La sua opera può aver avuto dei limiti perché Pansa era solo un giornalista  e non uno storico vero  perché non seppe contestualizzare le vicende terribili che raccontò in quanto il sangue dei vinti e’ anche conseguenza del sangue dei partigiani ammazzati da tedeschi e fascisti. Ma è fuor di dubbio che le cose raccontate da Pansa fossero totalmente corrispondenti al vero, checche’ ne scrivessero certi maestrini dalla penna rossa, dediti alla diffamazione  sistematica nei suoi confronti.


Poi c’è stato un periodo in cui Pansa, esacerbato  dagli insulti e dall’astio  manifestato con livore crescente verso di lui , finì di esagerare, scrivendo su testate volgari come “Libero” e addirittura  “La verità”. Cessai di leggerlo perché quei giornali io mi rifiuto di leggerli. Ripresi con i suoi articoli quando iniziò nuovamente a scrivere sul “Corriere della Sera”. Era  putroppo ormai un Pansa privo di mordente, vecchio e stanco. Mi spiacque doverlo constatare, ma il vecchio leone  ormai non era più sè stesso .

Ma va detto che  Pansa e’ stato un grande giornalista italiano che fece dell’onestà intellettuale la sua bandiera. Spero che la destra estrema di oggi, ignorante e semplicista, non voglia impossessarsi del suo nome che non gli appartiene . Insieme a Indro Montanelli e  Oriana Fallaci  Pansa è il meglio che il giornalismo italiano ha rappresentato negli ultimi cinquant’anni e per contrasto rivela la miseria del giornalismo settario di Scalfari  e di Feltri che su trincee opposte hanno contribuito a creare disinformazione e aggressioni politiche  indecenti.

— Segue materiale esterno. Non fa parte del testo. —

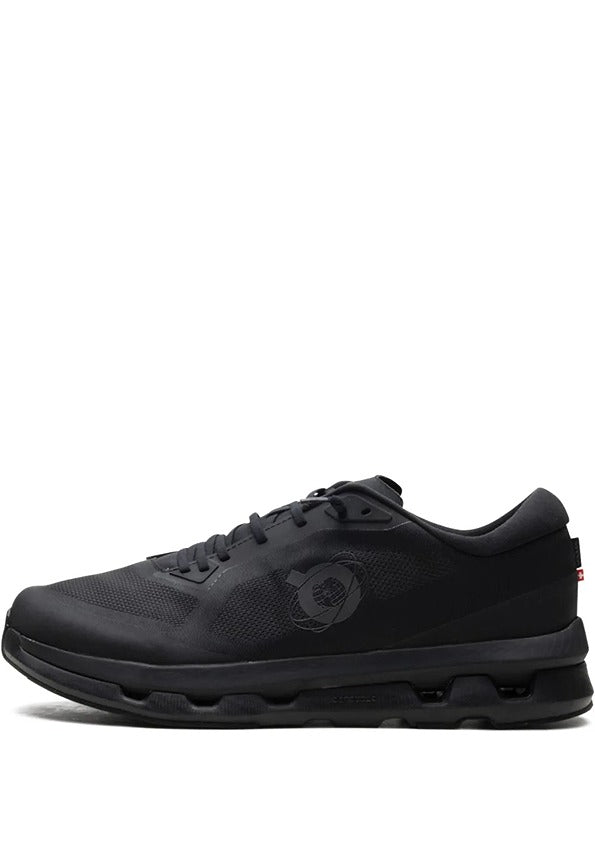 On Cloud x Kith Cloudzone Triple Black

Pansa aveva vissuto con disagio Tangentopoli e si convinse che la liquidazione di un’intera classe politica, comunisti e neo fascisti esclusi , fosse un golpe. Ne parlammo quella sera del Premio Pannunzio. Peccato che non sia stato più possibile continuare quel discorso. Da un rapporto con lui ne sarei stato arricchito, ma tutti i suoi libri non me li sono mai persi. Aveva una capacità straordinaria di scrittura che pochi hanno avuto. Una limpidezza di stile che corrispondeva all’integrità della sua mente libera. Giornalisti come lui mancano totalmente in questo disgraziato Paese in cui  il protagonismo televisivo di certi personaggi e’ inversamente proporzionale al loro profilo giornalistico. Se i giornali non si vendono più e’ colpa anche del fatto che di gente come Pansa si è persa traccia.

Ho letto i necrologi di Pansa scritti da Cazzullo, Veltroni e Battista ed ho colto l’abisso che divide la grandezza di Pansa rispetto a chi oggi  lo ricorda. Qualcuno ha voluto citare  in morte di Pansa, Giorgio Bocca che fu aspro e volgare nell’attaccarlo per “Il sangue dei vinti”. Bocca era stato partigiano, ma prima era stato fascista ed aveva scritto articoli antisemiti. Da vero giellista bilioso Bocca scomunicò Pansa con arroganza e fomentò l’odio contro di lui . Oggi il confronto tra i due fa si’ che risulti in modo nettissimo come  Pansa sia stato un gigante del giornalismo italiano del ‘900, mentre il cuneese appaia l’espressione piuttosto provinciale (lui stesso si autodefini’ un provinciale ) di un giornalismo di parte, incapace di informare in modo adeguato  perché incapace di mettere in discussione  le certezze ideologiche novecentesche di cui  quel giornalismo si era nutrito e di  cui  fu la grancassa mediatica.